Merkez Bankası’nın bu uygulamasının, son zamanlarda 50 Milyon Dolar’ı aşmayan döviz satış ihalelerindeki eğilime paralel olduğunu ve 50 baz puanlık bu artırımın ilk aşamalarda etkin olsa da bu durumun devam etmediğini ve Dolar/TL’nin PPK açıklamaları sırasında gördüğü 1,9410 seviyelerinden 1,9510’lara tırmanabildiğini görüyoruz. Genel olarak bu toplantıda TCMB’nin Eylül’de FOMC öncesine denk gelen toplantıya biraz daha esneklik sağlamak adına daha düşük bir artırıma gittiğini düşünmekteyiz.
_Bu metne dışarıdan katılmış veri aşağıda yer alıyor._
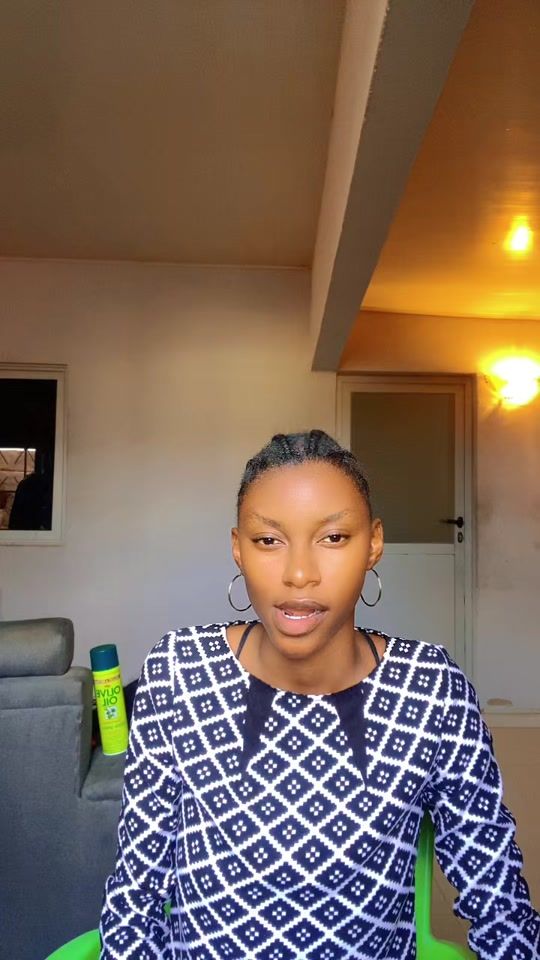 TikTok video thumbnail by cassia200.4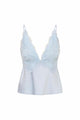 AIRY BLUE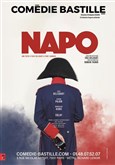 Napo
Bu durumun sonucu, Eylül ayı içerisinde değersiz TL ve yüksek enerji fiyatlarının da etkisi ile Türkiye’nin enflasyonunda yükselişlere meylin artmasına neden olabileceğini düşünmekteyiz.

SETA Ekonomi Direktörü Prof. Dr. Erdal Tanas Karagöl:
Karar mevcut sermayenin çıkmasını engelleyecek

Siyaset, Ekonomi ve Toplum Araştırmaları Vakfı (SETA ) Ekonomi Direktörü Prof. Dr. Erdal Tanas Karagöl,  "Dünyada eylül ayının fırtınalı geçeceği beklentisi hakim. Bu anlamda geçen ay uluslararası beklentilerin altında gerçekleşen faiz artırımı, bu ayla birlikte yüzde 1,25 olarak gerçekleşti. Söz konusu artış yeni sermaye akımlarını çekmese bile mevcut sermayenin ülkeden çıkmasını engelleyecektir" dedi.

Merkez Bankasının eylül ayı itibariyle ABD Merkez Bankasından (Fed) gelecek olumsuz sinyaller nedeniyle tedbir amaçlı bir karar aldığını kaydeden Karagöl, "Merkez Bankası borç verme faiz oranını yükselterek, gelişmekte olan ülkelere yönelen sermayedeki azalmaya tedbir aldı" diye konuştu. Karagöl, bankanın tedbir açısından doğru bir karar aldığına işaret ederek, ağustos ayında alınan bu kararla, eylül ayına hazırlıklı girildiğini söyledi.

Karagöl, söz konusu kararla Merkez Bankasının bağımsızlığına yönelik tartışmalara da son verdiğini ifade etti.

Karagöl, mayıs ayından itibaren küresel bir belirsizlik yaşandığına ve sermaye akımlarında zayıflama olduğuna dikkati çekerek, "Dünyada eylül ayının fırtınalı geçeceği beklentisi hakim. Bu anlamda geçen ay uluslararası beklentilerin altında gerçekleşen faiz artırımı, bu ayla birlikte yüzde 1,25 olarak gerçekleşti. Söz konusu artış yeni sermaye akımlarını çekmese bile mevcut sermayenin ülkeden çıkmasını engelleyecektir" değerlendirmesinde bulundu.  

Fed kararlarının gelişmekte olan ülkeleri zorlayacağının altını çizen Karagöl, alınan kararla risklerin de minimize edildiğini vurguladı.